### [ACTIVITY]
Once you find the line below that has "PrettyLittleThing Croc Printed", output it and every line after it exactly, stopping after the line that has "Russian Meteor Iron", with no pictures.

Records drawn from a dataset
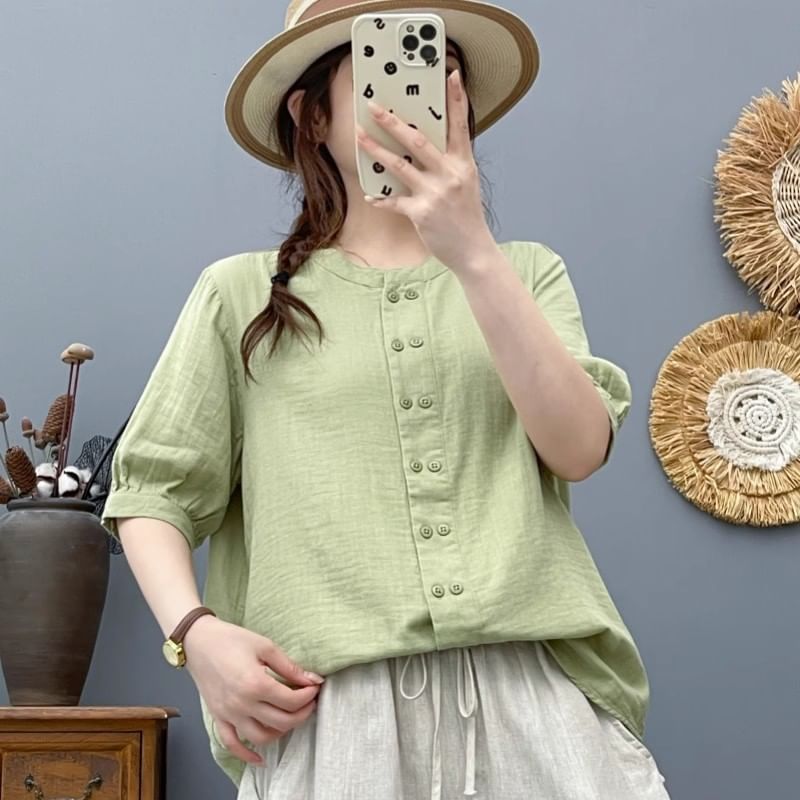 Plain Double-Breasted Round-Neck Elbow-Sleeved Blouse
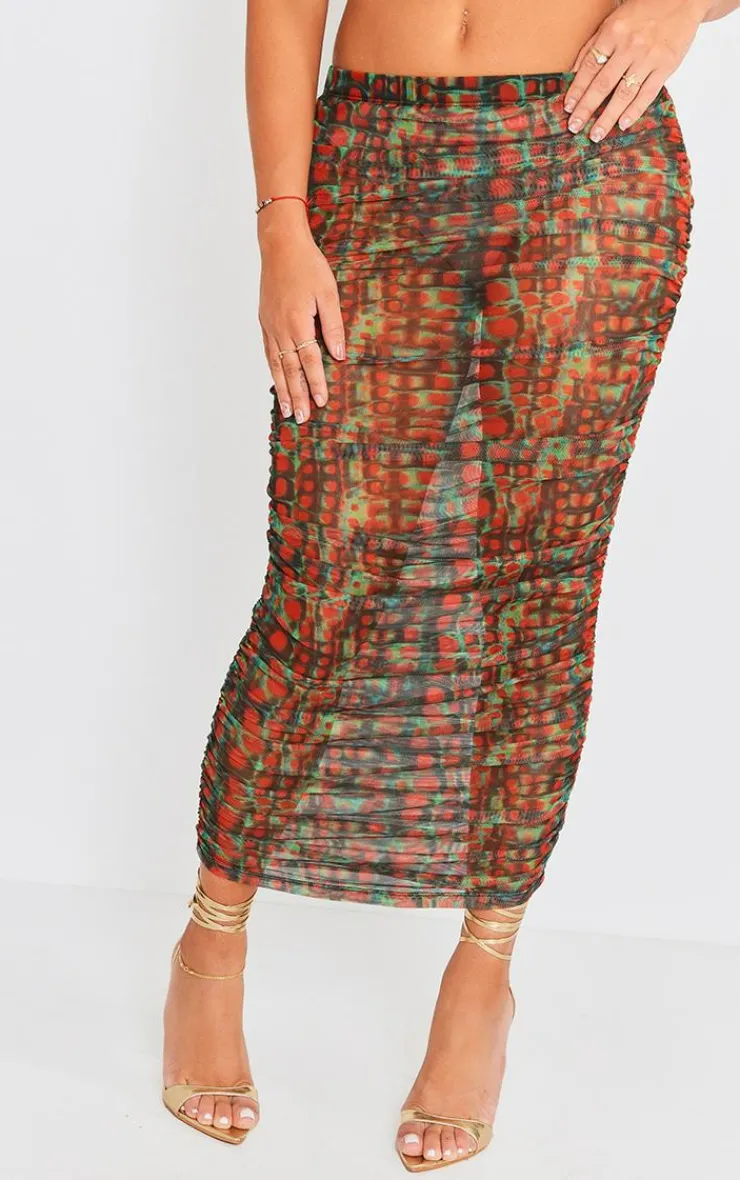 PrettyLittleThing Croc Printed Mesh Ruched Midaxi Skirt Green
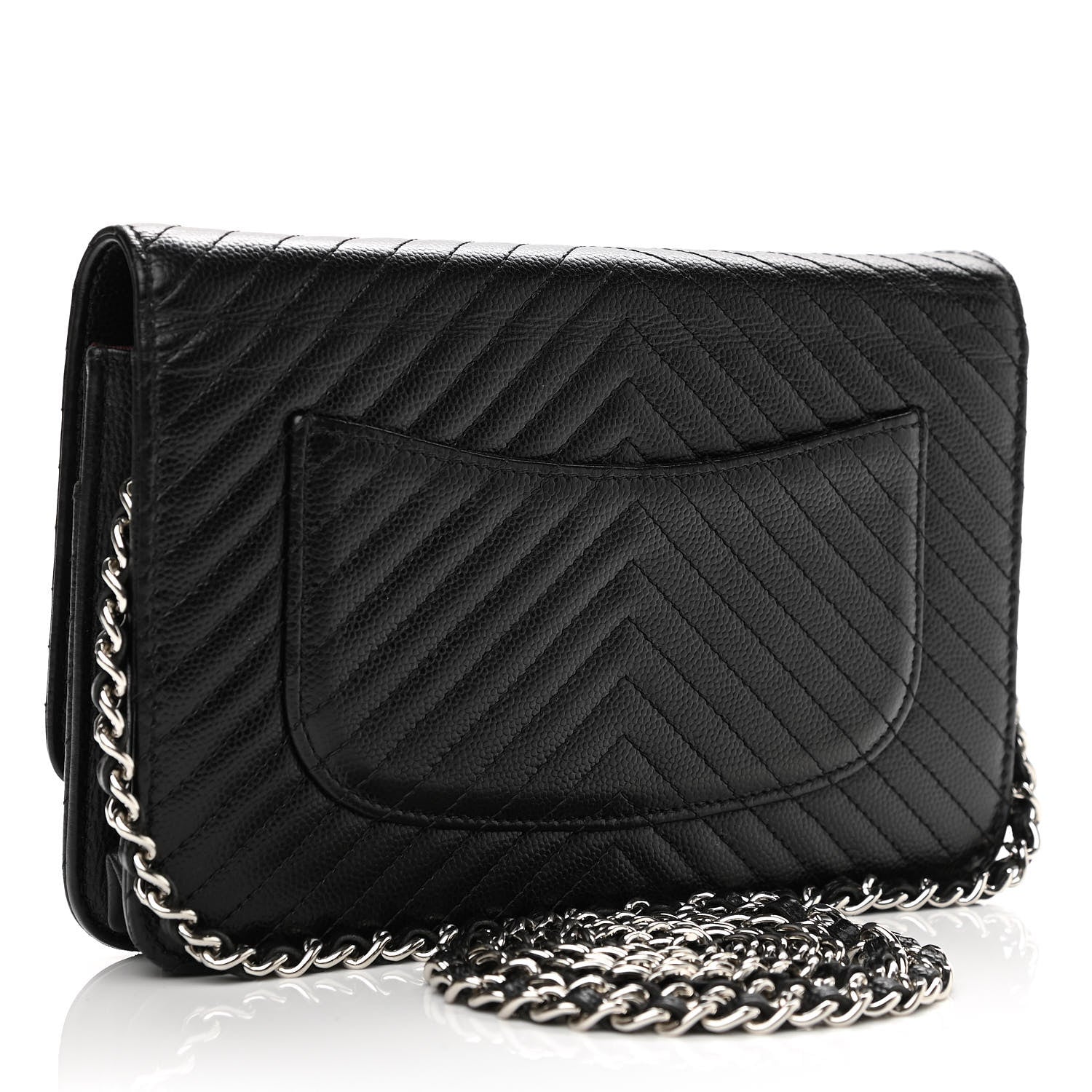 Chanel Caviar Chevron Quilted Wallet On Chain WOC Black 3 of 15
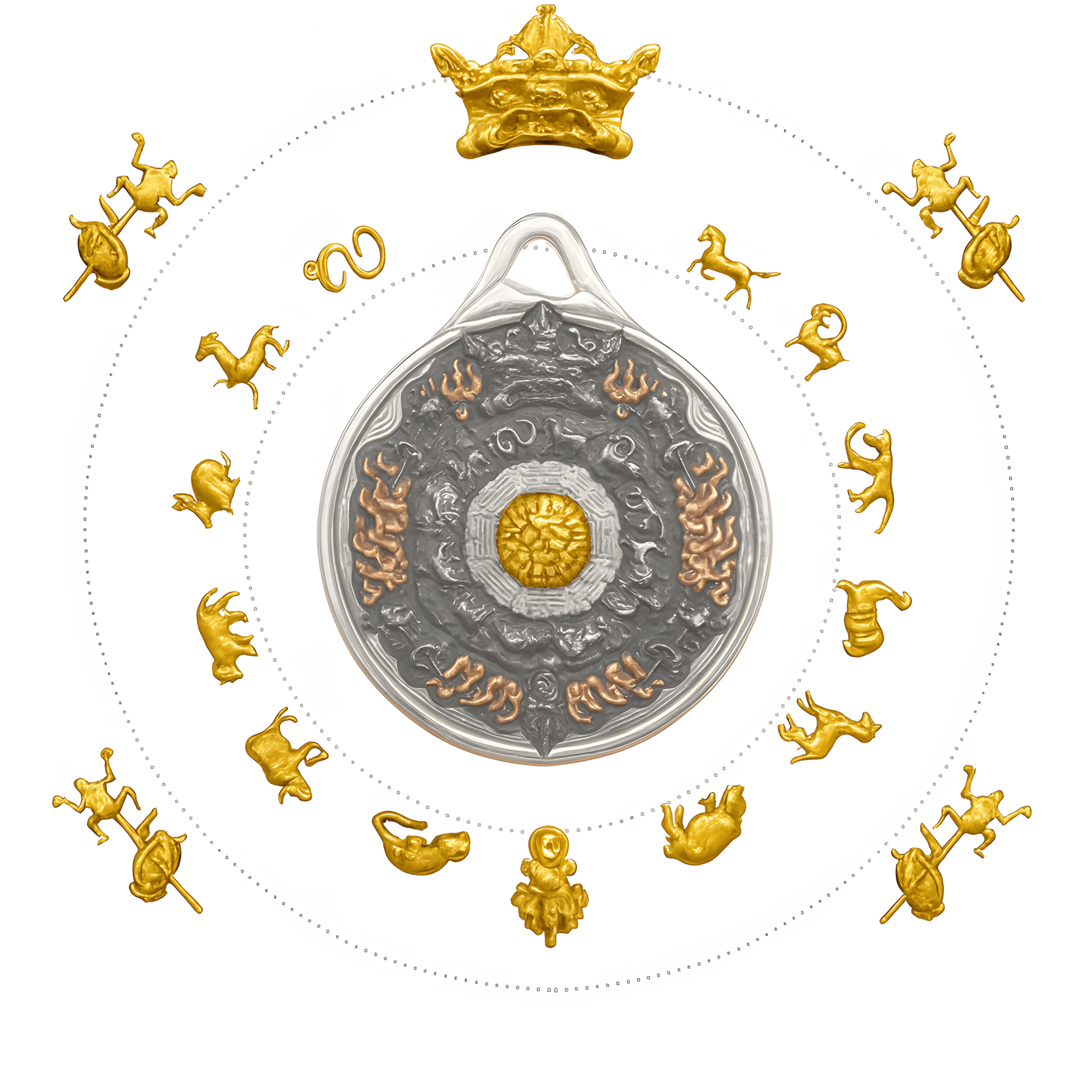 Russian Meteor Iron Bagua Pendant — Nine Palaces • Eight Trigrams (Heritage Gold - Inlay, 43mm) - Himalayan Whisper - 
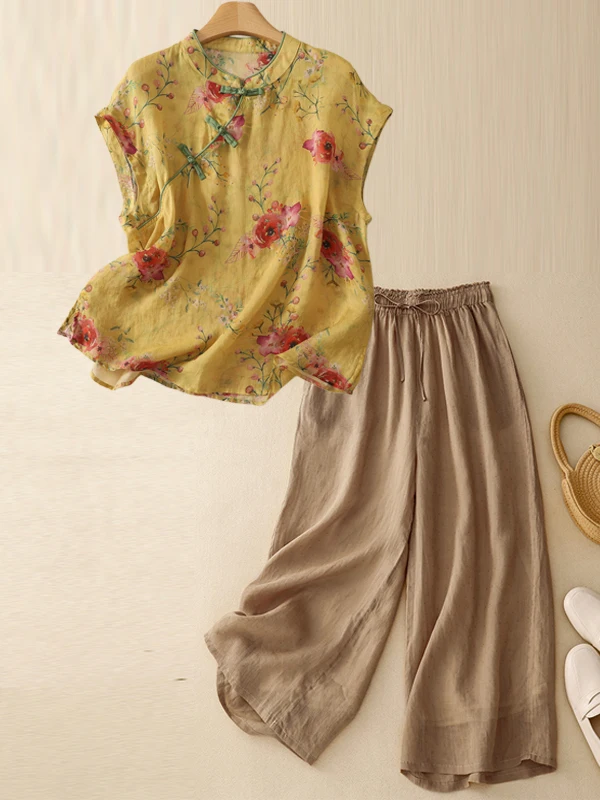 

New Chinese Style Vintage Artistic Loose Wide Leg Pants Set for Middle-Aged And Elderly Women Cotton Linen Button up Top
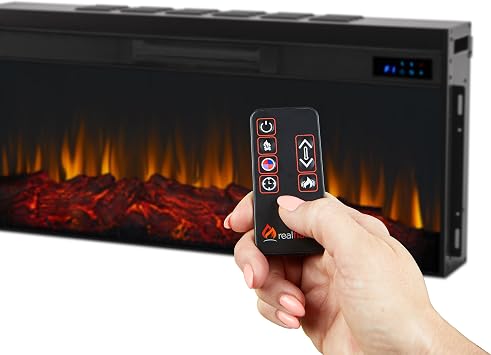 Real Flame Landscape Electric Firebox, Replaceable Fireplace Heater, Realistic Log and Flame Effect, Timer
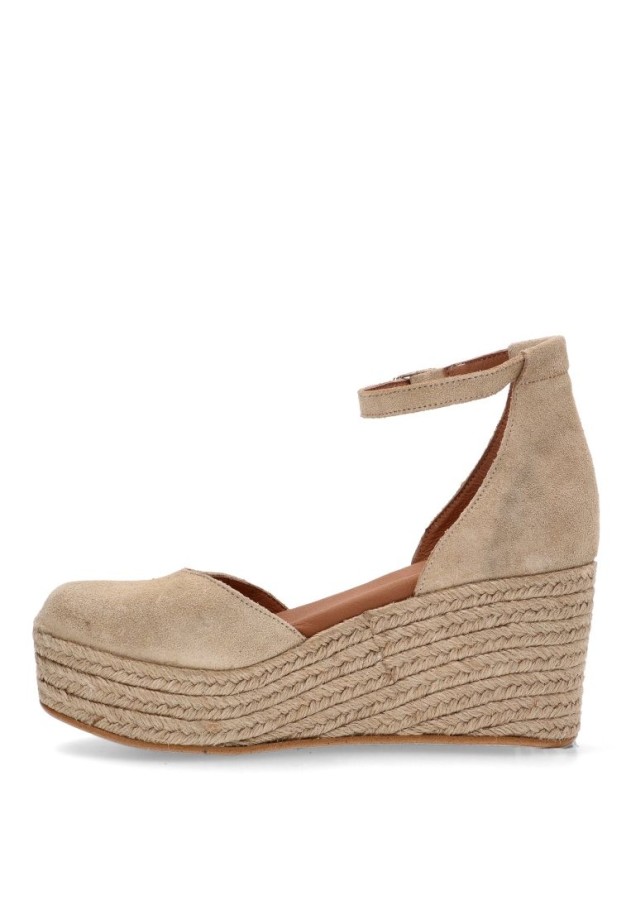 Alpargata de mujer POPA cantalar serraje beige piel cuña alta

### [FINISHED TASK]
 PrettyLittleThing Croc Printed Mesh Ruched Midaxi Skirt Green
 Chanel Caviar Chevron Quilted Wallet On Chain WOC Black 3 of 15
 Russian Meteor Iron Bagua Pendant — Nine Palaces • Eight Trigrams (Heritage Gold - Inlay, 43mm) - Himalayan Whisper - 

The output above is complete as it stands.